L'émissaire du gouvernement du Québec pour les liaisons ferroviaires avec les États-Unis a précisé que le Québec fait partie du comité de travail mis sur pied pour tenter de concrétiser le projet qui devrait faire l'objet d'un protocole d'entente imminent.

L'objectif à court terme de l'émissaire est d'obtenir l'accord américain pour un prédédouanement à la Gare centrale, comme il en existe un à l'aéroport Pierre-Elliott-Trudeau.

Ce n'est toutefois pas le principal obstacle, selon M. Chrétien. Il signale que le couloir Albany-Montréal n'est pas encore désigné parmi les liaisons retenues pour lesquelles Washington a réservé une enveloppe de 53 milliards US.

Avant tout, il faudra parvenir à intégrer le Plan Sud au nouveau périmètre de sécurité Canada-États-Unis qui représente une négociation ambitieuse. «Le grand problème, c'est l'équilibre précaire entre la sécurité et la fluidité de la frontière, juge M. Chrétien. Pour le Canada, la souveraineté est très importante. Il faudra trouver une balance entre le commerce et la sécurité.»

Le délégué général du Québec à New York, John Parisella, a pour sa part rappelé que le nord-est des États-Unis pèse gros pour les exportations québécoises.

Il a aussi expliqué qu'il ne faut pas rêver à un TGV comme on en voit en France, en Espagne et même au Maroc. Le THV dont il est question aura des pointes d'un peu plus de 200 km/h, mais il ralentira jusqu'à 100 km lorsqu'il empruntera des tronçons partagés avec les trains de marchandises. Outre ses moindres coûts, ce partage est incontournable en raison de l'impossibilité de bâtir de nouvelles voies qui traverseraient le parc Adirondack, protégé par la constitution de l'État de New York.

Cela dit, l'amélioration du service permettrait de réduire la durée de la liaison entre Montréal et New York qui prend 11 heures, comparativement à 5 pour le trajet aérien, si on inclut le transport des aérogares aux centres-villes.

Entre-temps, l'émissaire cherche aussi à obtenir le rétablissement de la liaison entre Montréal et St. Albans, au Vermont.

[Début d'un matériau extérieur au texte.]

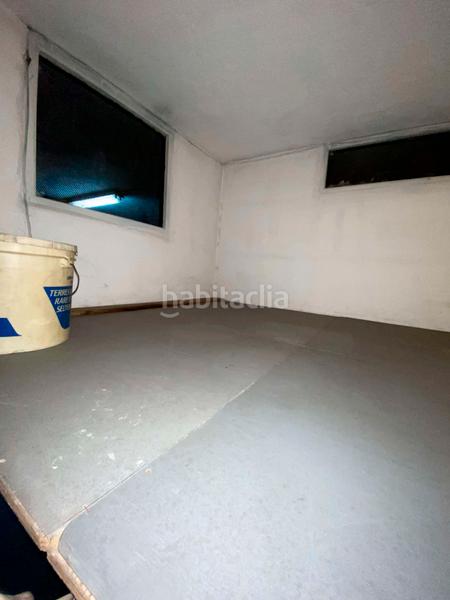 Foto 05b97716-c8f0-496c-938c-ef8033ca126e. Aparcament cotxe a jose matia kalea 24 a Llodio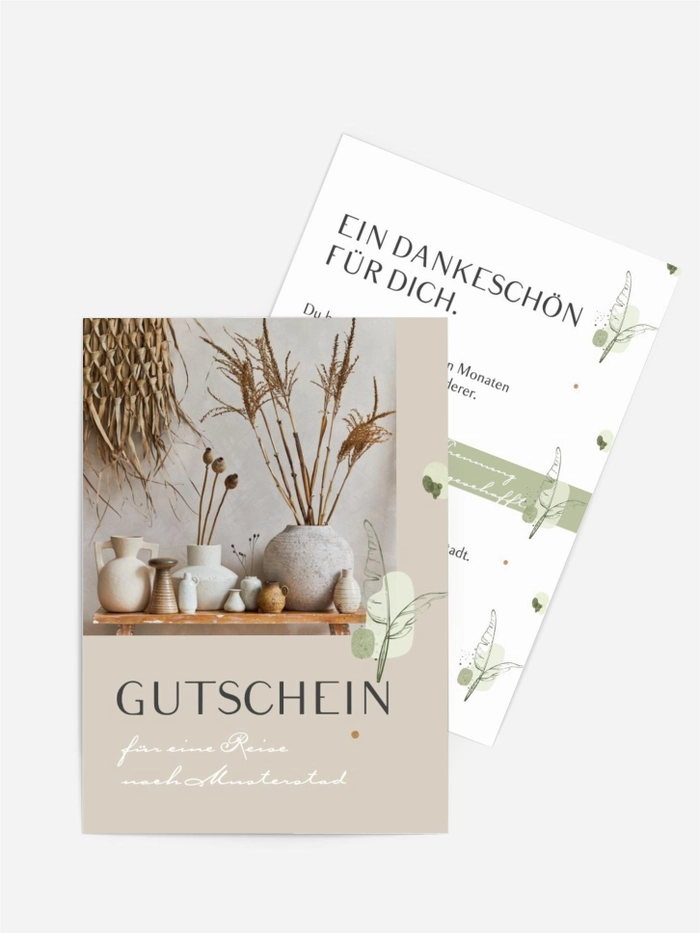 Stillleben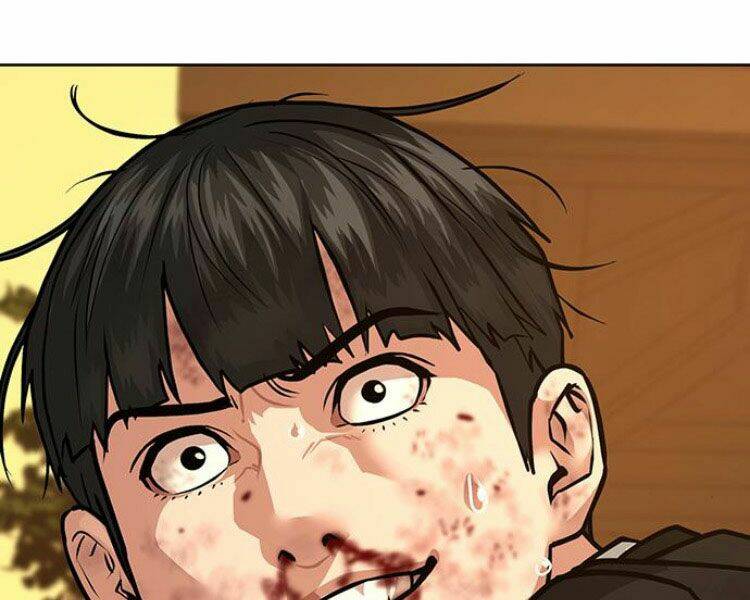 Chapter 13 trang 110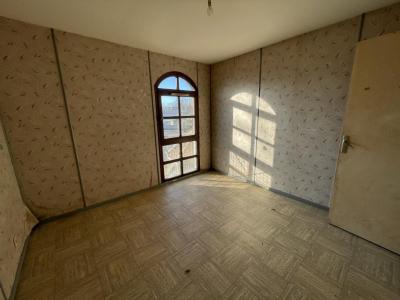 Vente Maison LAGRAULIERE CHAMBOULIVE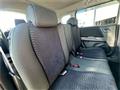 2007 Honda Crossroad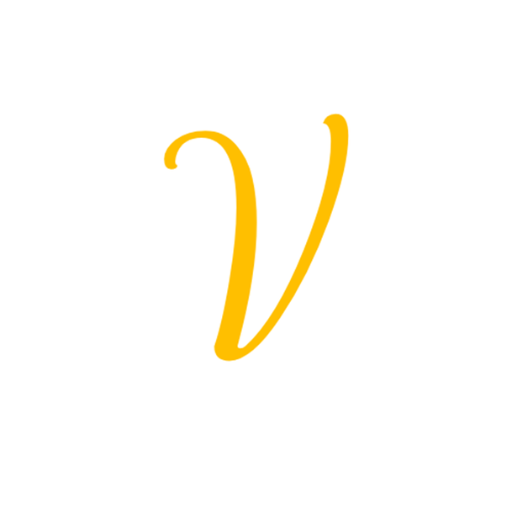 Valueat Mini logo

Bien que les embûches soient nombreuses, M. Chrétien s'est montré optimiste. Les relations canado-américaines sont bonnes maintenant et le retard américain dans le transport ferroviaire est patent. «Pour les Américains, ce doit être une question de fierté: comment peuvent-ils traîner la patte dans le transport passager? Ils ne sont ni deuxièmes ni troisièmes, ils ne sont même pas dans la course.»